Opinion
Argued October 7, 1980
January 21, 1981.
Appeals — Final order — Demolition.
1. An appeal will lie only from a final order unless otherwise expressly allowed by statute. [187]
2. Where an adjudication disposes of the entire case, ends the litigation, or effectively puts the litigant out of court, it will be viewed as a final and appealable order. [187]
3. An order in a demolition case which requires the defendants to appear in court to present further evidence designed to forestall demolition by the meeting of certain conditions is not a final order. [187-8]
Argued October 7, 1980, before President Judge CRUMLISH and Judges MENCER, ROGERS, MacPHAIL and PALLADINO. Judges WILKINSON, JR., BLATT, CRAIG and WILLIAMS, JR. did not participate.
Appeal, No. 245 C.D. 1979, from the Order of the Court of Common Pleas of Philadelphia County in the case of City of Philadelphia v. Belmont Fund, Inc. and Curtis Jones, individually and t/a Park Sutton Apartments, No. 492 March Term, 1977.

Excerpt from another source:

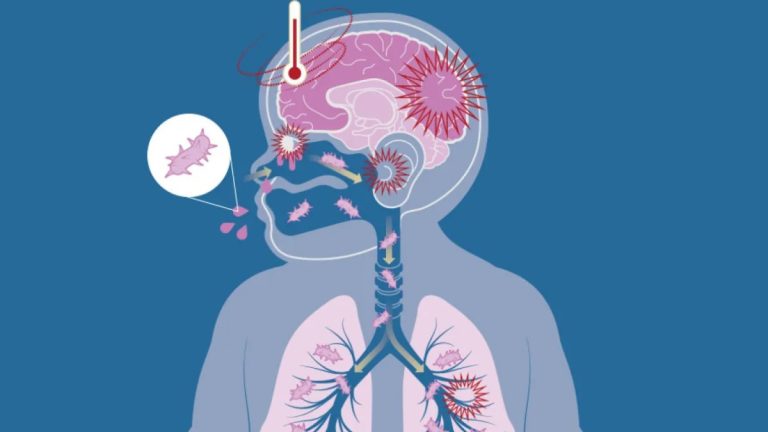 aumento de casos de coqueluche em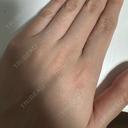 医療脱毛（全身） HINATA クリニック BEFORE サムネイル用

Complaint in equity in the Court of Common Pleas of Philadelphia County. Buildings ordered demolished. GELFAND, J. Building owner appealed to the Commonwealth Court of Pennsylvania. Held: Appeal quashed. Application for reargument filed and denied.

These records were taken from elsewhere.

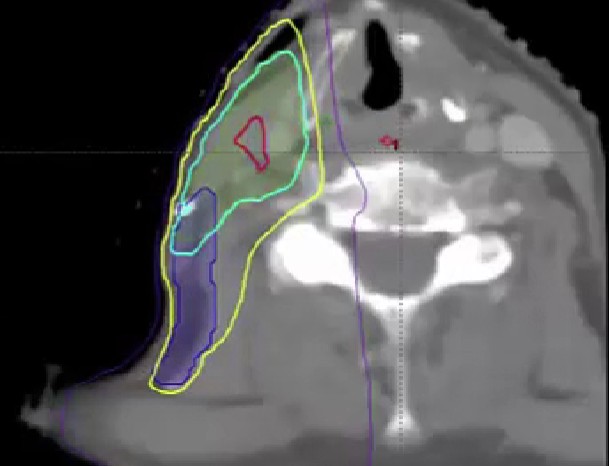 09/08/2025 - Dr. David Sher - Radiation Oncology - Head & Neck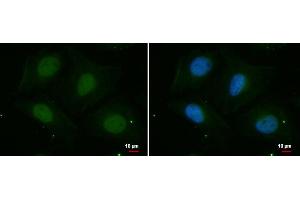 ICC/IF Image PSKH2 antibody [N2C3] detects PSKH2 protein at nucleus by immunofluorescent analysis. (PSKH2 抗体)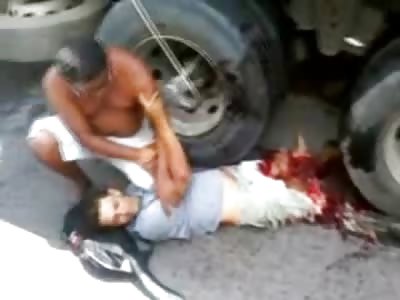 A LIVING HELL: Boy with both Legs Shredded Pleads for Help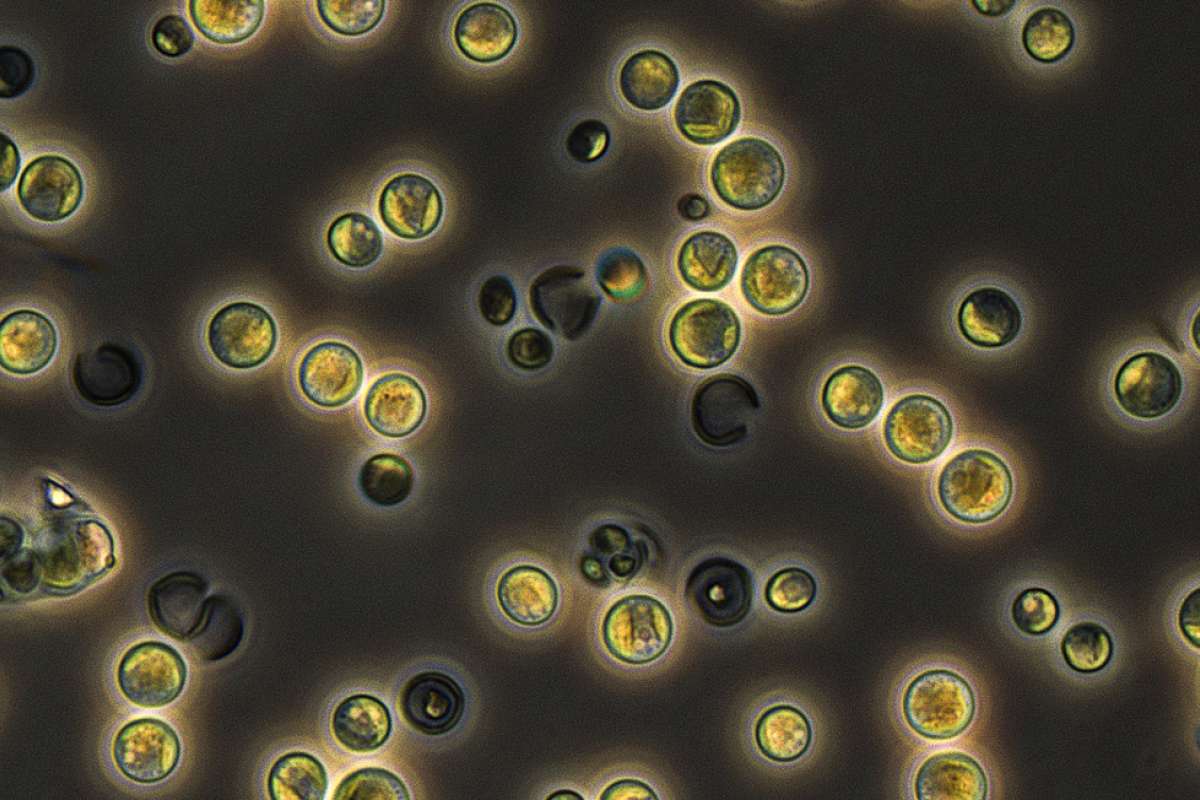 Chlorella vulg SAG 211-1b_Chlorella vulg015_ch00_cropped.jpg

James E. McErlane, with him Michael J. Stack, Lamb, Windle McErlane, for appellants.
Richard S. Kohn, Assistant City Solicitor, with him Barry J. Grossman, Assistant City Solicitor, Alan J. Davis, City Solicitor, and Judith N. Dean, Deputy City Solicitor, for appellee.
Belmont Fund, Inc., and Curtis Jones, i/t/a Park Sutton Apartments (defendants) appeal from an order of the Court of Common Pleas of Philadelphia County, which ordered defendants to correct structural deficiencies in an apartment building located in Philadelphia. The order further provided in part:
2. All openings on the said premises are to be sealed forthwith.
3. Commencing forthwith said premises shall be guarded and patrolled by at least one security guard. . . .
4. A continued hearing on this matter shall be held on February 14, 1979 . . . at which time defendant, Curtis Jones, shall present to this Court an affirmative committment [sic] from HUD setting forth the circumstances under which it will guarantee financing of rehabilitation or reconstruction of said premises. . . .
5. In the event full compliance with this Order is not effected by February 14, 1979, this Court shall Order this subject premises demolished forthwith.
6. This Court shall retain jurisdiction of this matter with the right at anytime to change, amend, modify, revoke or terminate this Order in whole or in part.
We do not reach the merits of defendants' appeal because we believe that the court's order is interlocutory and unappealable.
An appeal will lie only from a final order, unless otherwise expressly allowed by statute. In ascertaining what is a final order, we must look beyond the technical effect of the order to its practical ramifications. Where the adjudication disposes of the entire case, ends the litigation, or effectively puts the litigant out of court, it will be viewed as a final and appealable order. In re Appeal of Molnar, 51 Pa. Commw. 128, 414 A.2d 401 (1980).
In applying the above standard to this case, it is clear that the order of January 12, 1979 did not terminate the litigation. By its own terms, the order required defendants to appear in court again to present further evidence. It gave defendants another opportunity to forestall demolition by meeting certain conditions. Therefore, the order of January 12, 1979 was interlocutory and unappealable.
Appeal quashed.
ORDER
AND NOW, this 21st day of January, 1981, the appeal of Belmont Fund, Inc., and Curtis Jones, i/t/a Park Sutton Apartments, from the order of the Court of Common Pleas of Philadelphia County, dated January 12, 1979, is hereby quashed.